The rapid development of the cultured prawn industry is associated with environmental and sociological disturbances in land use, the ecology of the aquatic organisms and global trade patterns. A major consequence of these changes is the emergence and the spread of infectious diseases. In the late 1980s, previously unknown diseases emerged in the cultured prawns both in Asia and Americas, spread rapidly to all countries farming prawns and brought catastrophe to this industry around the world. Even though some progress has been made to deal with these challenges and recovery has taken place in recent years, infectious diseases, in particular viral diseases still remain a major problem to the prawn aquaculture industry [1,2].

Several viruses have been reported to cause diseases in the wild and cultured banana prawn Penaeus merguiensis including hepatopancreatic parvo-like virus (HPV) [3,4,5,6], the Australian strain of HPV (Penaeus merguiensis hepandensovirus, PmeDV) [7,8], lymphoidalparvo like-virus (LPV) [9], white spot syndrome virus (WSSV) [10] and spawner-isolated mortality virus (SMV) [11]. Moreover, even though there is no report on banana prawns naturally infected with gill-associated virus (GAV), experimental infection suggested that this species may be susceptible to GAV [12].

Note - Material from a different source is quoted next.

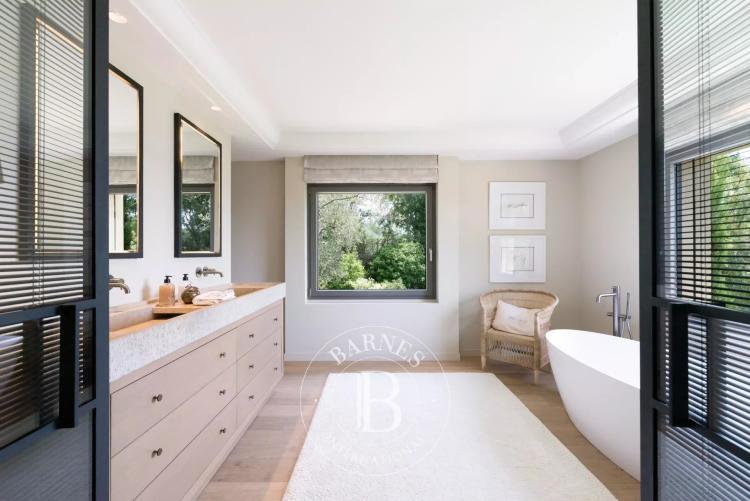 PROCHE MOUGINS – PROPRIÉTÉ D’EXCEPTION – VUE MER
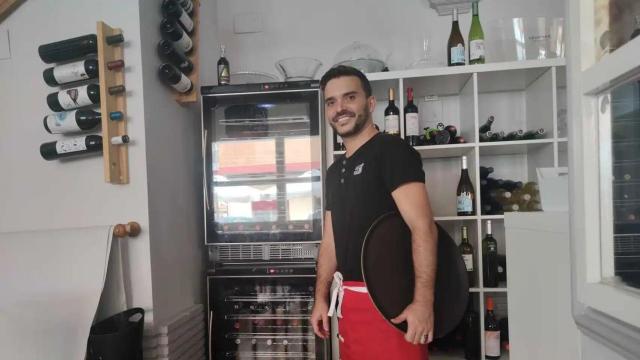 Jesús Soriano, más conocido como 'Soy camarero', en su puesto de trabajo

Histopathologically, most of these systemic viruses cause spheroid development within the lymphoid organ (LO) of banana prawns. The formation of spheroid cells in the lymphoid organ is a major defence mechanism to viral infection in penaeid prawns [13,14]. Currently, in northern Queensland approximately 75-100% of cultured banana prawns from different family lines have lymphoid organ spheroid (LOS) cells that occupied more than 40% of the lymphoid organ area (Owens, unpublished data). However, no candidate virus has been identified in causing these spheroid formations.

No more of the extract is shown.